The project is based on a unique database, which matches approximately 18,000 San Francisco County homecare workers in 26,115 unique matches to 15,500 service recipients between November 1997 and February 2002. In any given month the number of matches averaged about 8,600.

This paper is intended for a broad audience rather than for specialists in labor economics or in gerontology and health economics. As such, it will provide a broad brush discussion of the institutional context in which the wage increase occurred and a set of stylized facts that roughly report the consequences of the wage increase for poverty and labor market stability. Because the workforce is largely poor and a significant proportion is foreign-born, the institutional context and specifically the effect of immigration law and welfare policies must be factored into any analysis of outcomes. Thus part of the paper will be concerned with how these policies shape labor market responses in this industry.

The paper also eschews the use of econometrics, both in the interests of reaching a broad audience initially, and secondly because much of the institutional detail would be obscured by econometric analysis. A later paper, however, will employ econometric techniques in order to better measure the relative importance of the independent variables affecting the labor market outcomes.

The principle conclusions of the study are:

There was a 54 percent increase in the number of IHSS workers over the four-year period of the study.

Possibly because the wage increase and/or the addition of health benefits made it easier for consumers to hire an acceptable provider, the number of consumers increased by 47 percent over the same period.

The number of hours worked per provider increased significantly for non-family providers in some ethnic groups.

The annual turnover rate of matches between consumer and provider fell by 6 percent; adjusted to eliminate the turnover of matches that may end for natural reasons, the annual “bad” turnover rate of matches fell 20 percent.

The annual turnover rate of the workforce fell 17 percent, but adjusted to measure only “bad turnover,” the rate fell by 30 percent.

The proportion of consumers matched to a provider of their own ethnicity –which is a measure of the quality of match- rose 6 percent.

A rough calculation shows the wage increase could have reduced the number of people living below the poverty line in San Francisco by as much as 15 percent, other things being held constant.

By 2001, the IHSS program was bringing in $114 million in income every year to San Francisco, compared to $37 million in 1997, at a gross cost to the county of $18 million and possibly a net cost of as low as $8 million.
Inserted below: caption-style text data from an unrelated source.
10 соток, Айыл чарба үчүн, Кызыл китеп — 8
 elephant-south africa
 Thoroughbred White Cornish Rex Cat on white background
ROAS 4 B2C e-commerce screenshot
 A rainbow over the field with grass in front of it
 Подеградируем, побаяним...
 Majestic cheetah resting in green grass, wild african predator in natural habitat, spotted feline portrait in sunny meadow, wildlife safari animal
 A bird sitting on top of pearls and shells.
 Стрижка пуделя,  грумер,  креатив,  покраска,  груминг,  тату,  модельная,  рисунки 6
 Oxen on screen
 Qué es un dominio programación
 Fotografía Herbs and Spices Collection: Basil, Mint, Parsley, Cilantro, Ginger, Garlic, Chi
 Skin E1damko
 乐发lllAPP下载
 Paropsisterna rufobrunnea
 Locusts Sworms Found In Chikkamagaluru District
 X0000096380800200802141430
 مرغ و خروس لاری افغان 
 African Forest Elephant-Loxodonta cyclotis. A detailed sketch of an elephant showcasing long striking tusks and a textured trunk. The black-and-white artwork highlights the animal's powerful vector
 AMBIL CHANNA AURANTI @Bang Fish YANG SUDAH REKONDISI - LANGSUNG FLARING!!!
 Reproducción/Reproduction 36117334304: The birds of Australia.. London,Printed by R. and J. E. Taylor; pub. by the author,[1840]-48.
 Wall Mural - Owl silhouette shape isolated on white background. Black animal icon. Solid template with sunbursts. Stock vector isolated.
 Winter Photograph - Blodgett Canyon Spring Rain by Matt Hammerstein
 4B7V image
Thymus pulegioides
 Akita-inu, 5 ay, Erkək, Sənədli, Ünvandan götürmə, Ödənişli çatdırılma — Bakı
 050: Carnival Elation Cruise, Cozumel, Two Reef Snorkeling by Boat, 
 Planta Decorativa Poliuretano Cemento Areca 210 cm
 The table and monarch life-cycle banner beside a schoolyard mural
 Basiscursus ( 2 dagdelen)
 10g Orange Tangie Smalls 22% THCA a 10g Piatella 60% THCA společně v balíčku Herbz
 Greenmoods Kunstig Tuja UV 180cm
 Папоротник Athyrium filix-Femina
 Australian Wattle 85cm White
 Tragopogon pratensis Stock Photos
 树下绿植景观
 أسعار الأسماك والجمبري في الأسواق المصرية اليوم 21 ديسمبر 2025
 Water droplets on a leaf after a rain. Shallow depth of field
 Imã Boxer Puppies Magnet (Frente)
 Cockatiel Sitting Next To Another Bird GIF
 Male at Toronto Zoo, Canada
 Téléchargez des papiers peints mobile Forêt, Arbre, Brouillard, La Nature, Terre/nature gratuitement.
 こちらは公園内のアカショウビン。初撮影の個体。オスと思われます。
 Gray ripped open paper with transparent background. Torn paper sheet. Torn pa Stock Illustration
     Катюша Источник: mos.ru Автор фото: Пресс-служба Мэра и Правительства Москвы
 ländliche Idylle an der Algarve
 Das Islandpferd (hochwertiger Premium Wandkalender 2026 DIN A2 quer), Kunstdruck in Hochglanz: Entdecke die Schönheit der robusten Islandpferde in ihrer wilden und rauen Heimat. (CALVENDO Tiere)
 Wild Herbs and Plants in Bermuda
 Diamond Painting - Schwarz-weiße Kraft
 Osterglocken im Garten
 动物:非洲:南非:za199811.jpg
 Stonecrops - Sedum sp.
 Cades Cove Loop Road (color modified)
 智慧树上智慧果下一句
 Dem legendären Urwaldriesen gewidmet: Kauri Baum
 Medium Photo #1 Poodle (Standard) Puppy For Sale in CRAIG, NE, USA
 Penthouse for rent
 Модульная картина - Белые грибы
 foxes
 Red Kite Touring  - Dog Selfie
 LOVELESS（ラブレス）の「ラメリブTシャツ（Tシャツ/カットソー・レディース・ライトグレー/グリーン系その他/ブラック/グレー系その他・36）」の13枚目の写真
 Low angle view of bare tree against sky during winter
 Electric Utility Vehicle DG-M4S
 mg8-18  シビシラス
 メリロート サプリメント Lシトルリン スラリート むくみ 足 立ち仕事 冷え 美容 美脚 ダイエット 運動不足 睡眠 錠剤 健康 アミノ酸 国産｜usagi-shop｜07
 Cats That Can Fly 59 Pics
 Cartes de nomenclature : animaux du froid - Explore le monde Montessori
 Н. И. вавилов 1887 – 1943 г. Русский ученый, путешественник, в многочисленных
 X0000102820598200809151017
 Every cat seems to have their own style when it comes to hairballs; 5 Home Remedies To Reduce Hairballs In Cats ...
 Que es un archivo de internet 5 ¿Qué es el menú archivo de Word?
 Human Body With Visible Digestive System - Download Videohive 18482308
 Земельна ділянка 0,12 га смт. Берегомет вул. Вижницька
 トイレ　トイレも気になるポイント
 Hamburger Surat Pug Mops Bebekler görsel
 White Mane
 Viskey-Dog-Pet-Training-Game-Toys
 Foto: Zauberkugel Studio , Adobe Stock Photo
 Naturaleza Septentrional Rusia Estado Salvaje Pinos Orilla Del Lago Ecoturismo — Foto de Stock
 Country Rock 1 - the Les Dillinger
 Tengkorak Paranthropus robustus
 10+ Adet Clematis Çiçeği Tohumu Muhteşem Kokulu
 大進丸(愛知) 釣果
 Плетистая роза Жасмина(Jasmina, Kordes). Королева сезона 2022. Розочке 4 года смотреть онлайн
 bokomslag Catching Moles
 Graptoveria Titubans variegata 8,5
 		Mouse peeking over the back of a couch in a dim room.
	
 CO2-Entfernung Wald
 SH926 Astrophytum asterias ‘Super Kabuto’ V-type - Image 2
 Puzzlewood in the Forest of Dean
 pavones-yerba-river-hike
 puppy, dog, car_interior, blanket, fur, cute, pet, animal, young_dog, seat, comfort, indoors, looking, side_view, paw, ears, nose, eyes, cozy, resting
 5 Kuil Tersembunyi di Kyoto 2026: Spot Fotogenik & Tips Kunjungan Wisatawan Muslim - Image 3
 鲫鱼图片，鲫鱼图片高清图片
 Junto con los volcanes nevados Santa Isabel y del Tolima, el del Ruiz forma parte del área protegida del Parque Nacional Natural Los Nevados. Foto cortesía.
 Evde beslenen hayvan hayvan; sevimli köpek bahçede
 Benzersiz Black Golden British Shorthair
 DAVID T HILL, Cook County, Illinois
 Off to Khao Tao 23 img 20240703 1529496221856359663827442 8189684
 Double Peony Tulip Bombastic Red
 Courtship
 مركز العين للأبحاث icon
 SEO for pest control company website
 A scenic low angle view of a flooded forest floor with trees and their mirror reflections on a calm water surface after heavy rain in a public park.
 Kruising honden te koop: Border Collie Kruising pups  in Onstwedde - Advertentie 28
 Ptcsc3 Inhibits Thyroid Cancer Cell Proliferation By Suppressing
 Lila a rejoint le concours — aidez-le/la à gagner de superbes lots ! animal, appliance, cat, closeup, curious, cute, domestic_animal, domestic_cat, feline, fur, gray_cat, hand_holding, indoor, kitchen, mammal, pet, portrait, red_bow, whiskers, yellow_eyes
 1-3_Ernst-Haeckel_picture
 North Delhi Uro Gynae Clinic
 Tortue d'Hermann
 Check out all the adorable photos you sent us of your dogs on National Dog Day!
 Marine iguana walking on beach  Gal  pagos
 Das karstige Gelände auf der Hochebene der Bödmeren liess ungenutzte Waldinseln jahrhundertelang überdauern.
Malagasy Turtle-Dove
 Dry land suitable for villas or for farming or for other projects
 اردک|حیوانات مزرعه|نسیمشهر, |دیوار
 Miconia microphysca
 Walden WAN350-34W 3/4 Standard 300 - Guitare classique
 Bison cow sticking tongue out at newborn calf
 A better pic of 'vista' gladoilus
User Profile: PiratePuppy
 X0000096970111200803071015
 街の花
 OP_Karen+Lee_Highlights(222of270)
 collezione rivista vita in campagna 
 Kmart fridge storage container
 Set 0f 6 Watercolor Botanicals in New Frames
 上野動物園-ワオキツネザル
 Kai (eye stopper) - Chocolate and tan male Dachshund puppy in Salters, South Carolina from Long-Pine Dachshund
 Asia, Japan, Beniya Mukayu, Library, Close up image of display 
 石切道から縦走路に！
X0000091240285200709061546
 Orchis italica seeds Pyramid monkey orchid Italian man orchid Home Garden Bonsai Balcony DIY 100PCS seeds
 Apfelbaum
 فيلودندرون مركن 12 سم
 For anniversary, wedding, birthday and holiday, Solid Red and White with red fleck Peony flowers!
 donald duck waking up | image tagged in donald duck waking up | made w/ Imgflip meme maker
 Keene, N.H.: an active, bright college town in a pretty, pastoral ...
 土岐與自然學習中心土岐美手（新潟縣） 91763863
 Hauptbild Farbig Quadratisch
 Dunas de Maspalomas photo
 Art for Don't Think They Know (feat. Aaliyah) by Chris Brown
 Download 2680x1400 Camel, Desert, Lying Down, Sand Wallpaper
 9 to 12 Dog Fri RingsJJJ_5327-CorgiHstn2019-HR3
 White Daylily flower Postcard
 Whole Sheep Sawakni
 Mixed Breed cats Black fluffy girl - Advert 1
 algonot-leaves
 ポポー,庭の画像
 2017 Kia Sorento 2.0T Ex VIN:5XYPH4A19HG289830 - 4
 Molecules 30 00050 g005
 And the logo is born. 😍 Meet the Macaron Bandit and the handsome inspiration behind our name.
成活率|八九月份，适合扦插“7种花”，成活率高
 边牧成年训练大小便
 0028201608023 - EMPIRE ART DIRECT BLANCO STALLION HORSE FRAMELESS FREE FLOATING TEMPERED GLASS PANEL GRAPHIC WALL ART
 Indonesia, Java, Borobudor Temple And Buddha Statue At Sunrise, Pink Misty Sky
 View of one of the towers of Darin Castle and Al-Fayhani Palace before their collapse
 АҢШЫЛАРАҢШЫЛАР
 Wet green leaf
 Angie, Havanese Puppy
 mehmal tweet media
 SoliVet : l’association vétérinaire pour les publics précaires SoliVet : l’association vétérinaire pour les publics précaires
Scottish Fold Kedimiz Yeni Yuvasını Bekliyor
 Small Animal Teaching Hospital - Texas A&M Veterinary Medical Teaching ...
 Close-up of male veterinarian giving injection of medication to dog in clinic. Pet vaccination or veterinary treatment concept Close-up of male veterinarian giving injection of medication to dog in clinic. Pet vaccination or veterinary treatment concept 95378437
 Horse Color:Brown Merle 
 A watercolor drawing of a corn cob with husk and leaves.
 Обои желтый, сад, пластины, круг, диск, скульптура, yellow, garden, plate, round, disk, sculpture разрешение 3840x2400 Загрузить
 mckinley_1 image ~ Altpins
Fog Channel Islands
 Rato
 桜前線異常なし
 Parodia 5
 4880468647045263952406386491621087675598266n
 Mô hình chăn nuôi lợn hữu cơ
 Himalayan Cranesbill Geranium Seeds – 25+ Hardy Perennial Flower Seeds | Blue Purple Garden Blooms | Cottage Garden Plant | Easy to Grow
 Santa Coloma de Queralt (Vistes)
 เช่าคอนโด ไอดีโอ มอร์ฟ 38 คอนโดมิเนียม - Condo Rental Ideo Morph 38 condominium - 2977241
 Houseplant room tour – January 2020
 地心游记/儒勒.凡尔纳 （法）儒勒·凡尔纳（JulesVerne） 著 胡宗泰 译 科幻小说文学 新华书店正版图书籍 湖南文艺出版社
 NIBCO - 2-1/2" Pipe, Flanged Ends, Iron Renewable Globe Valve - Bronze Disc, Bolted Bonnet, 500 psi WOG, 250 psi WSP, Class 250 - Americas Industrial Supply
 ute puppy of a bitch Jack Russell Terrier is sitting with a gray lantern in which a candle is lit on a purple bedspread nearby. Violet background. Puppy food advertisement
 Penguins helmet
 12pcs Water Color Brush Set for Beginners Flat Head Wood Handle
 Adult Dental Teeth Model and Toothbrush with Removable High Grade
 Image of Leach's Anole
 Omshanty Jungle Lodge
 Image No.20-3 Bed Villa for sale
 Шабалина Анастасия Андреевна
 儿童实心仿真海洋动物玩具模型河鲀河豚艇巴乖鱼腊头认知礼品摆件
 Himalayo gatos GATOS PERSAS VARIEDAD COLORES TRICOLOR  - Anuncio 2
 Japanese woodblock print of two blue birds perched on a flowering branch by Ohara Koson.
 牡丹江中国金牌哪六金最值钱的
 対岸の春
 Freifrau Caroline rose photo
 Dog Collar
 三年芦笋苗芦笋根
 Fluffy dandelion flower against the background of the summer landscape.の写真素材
That would mean every dollar spent by the county brought an additional $13 in income from state and federal sources to very poor San Francisco communities.

The paper will first provide some background on IHSS and the economic events that would affect labor market outcomes during the period under study. Section 2 provides a brief overview of the labor force at the beginning of the period of study. Section 3 discusses the predicted effects of a substantial wage increase. In section 4, I discuss the scope and methods of the study. In Section 5, I discuss the labor market and quality of service outcomes, the impact on poverty and an analysis of the net cost of the wage increase. Section 6 concludes the paper.